Although the trend toward minimalism might seem to be a rejection of the latest in graphics technology, this is not necessarily the case. In fact, sometimes, advanced graphics are actually responsible for making minimalism possible. A good example is the advanced shapes described by Andrew Stuart, Experion HMI product marketing manager at Honeywell Process Solutions. These shapes replace complex objects with simple graphical representations that convey process-control information intuitively without numbers.

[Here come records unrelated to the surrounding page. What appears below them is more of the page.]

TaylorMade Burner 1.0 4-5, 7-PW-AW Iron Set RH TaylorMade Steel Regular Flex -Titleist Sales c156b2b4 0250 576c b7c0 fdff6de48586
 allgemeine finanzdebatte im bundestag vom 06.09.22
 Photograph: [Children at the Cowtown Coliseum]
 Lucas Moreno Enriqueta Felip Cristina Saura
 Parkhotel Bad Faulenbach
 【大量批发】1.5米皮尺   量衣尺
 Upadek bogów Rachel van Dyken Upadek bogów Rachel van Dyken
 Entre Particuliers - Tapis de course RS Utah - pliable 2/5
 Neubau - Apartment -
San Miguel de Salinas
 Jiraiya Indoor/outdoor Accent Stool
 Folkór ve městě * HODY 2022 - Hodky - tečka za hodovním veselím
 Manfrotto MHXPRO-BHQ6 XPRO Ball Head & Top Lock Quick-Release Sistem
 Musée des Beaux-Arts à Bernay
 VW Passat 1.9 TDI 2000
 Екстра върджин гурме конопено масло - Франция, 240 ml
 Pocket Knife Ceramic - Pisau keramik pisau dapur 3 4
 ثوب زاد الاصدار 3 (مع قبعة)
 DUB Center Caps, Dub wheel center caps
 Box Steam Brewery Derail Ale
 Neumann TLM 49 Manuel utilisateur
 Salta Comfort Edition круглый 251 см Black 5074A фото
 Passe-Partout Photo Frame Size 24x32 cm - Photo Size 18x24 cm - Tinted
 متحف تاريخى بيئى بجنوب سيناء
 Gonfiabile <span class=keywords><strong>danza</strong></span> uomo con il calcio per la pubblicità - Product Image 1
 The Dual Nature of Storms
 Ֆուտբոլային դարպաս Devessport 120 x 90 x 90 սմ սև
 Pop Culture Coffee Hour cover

One of these shapes might represent a level indicator on a holding tank as a vertical bar whose length corresponds to the measurement range of the actual gage. On such a shape, a horizontal line might move up and down the bar to report the current measurement, and a small, horizontal arrow might sit at the set point. The vertical bar would probably also have some shading to indicate the in-control operating range that would not set off any alarms.
“The operator can learn the status of the process just by looking at the shape,” Stuart notes. “All of the control information is contained in a very compact, small shape, so the operator knows at a glance what he should be controlling to without having to interpret any numerics. If the process variable and the set point are the same, the process is in control.” If they are not the same, the operator can see how close the variable is to its control limits.
This capability is both possible and practical because of the reasonable cost of high-resolution monitors today. Older screens simply did not have enough resolution to show these kinds of slight movements or to provide the shading for denoting the control limits. Now that the resolution is available, “we have seen a slow progression to supplementing P&ID displays with advanced shapes,” Stuart reports.
The debate continues
As technology continues to advance, it will continue to influence the look of HMIs. In fact, advances in graphics engines and object-oriented engineering are behind the whole minimalist movement. “The concept of situation awareness and ‘cool’ or gray-scale graphics aren’t new,” notes Roy Tanner, global product marketing manager for control technologies at ABB. “In the ’90s, they weren’t available on HMIs for distributed control systems. Black was the background of choice because there was no other option.”
Consumer applications of graphics technology will continue to lead industrial applications and be a testing ground for industry. HMI developers are already trying to build on the experience that people have with their tablets and smartphones at home. “Beyond generating a comfort level among users, this goes a long way to perfect the user experience and shorten the learning curve for machine operators,” observes Eric Reiner, industrial PC market specialist at Beckhoff Automation.
Not only does use of consumer devices train people in using technology, but the consumer industries have been developing technologies to make sophisticated devices intuitive to use. “Features such as multitouch, so users can pinch to zoom and use swiping gestures, help to increase the efficiency of even the most non-technical of users,” Reiner notes. Hence, they reduce the need for training operators and other technicians when they find their way into industrial machinery.
Because people get used to technology, not everyone is convinced that the current science behind minimalistic use of high-intensity graphics is final. “Ten years ago, I would have said there is no place for video game-like graphics,” Tanner says. “I may have to revise my thoughts on this, though, as digital natives come into the picture and replace the retiring workforce.”
He wants to see what research into human factors reveals about the abilities of those digital natives once they are old enough to enter the workforce. “The level of information that is organized and presented in video games is amazing,” he says. Will children who grow up using these methods learn to extract the necessary information from such graphics accurately enough in real emergencies? Only time will tell.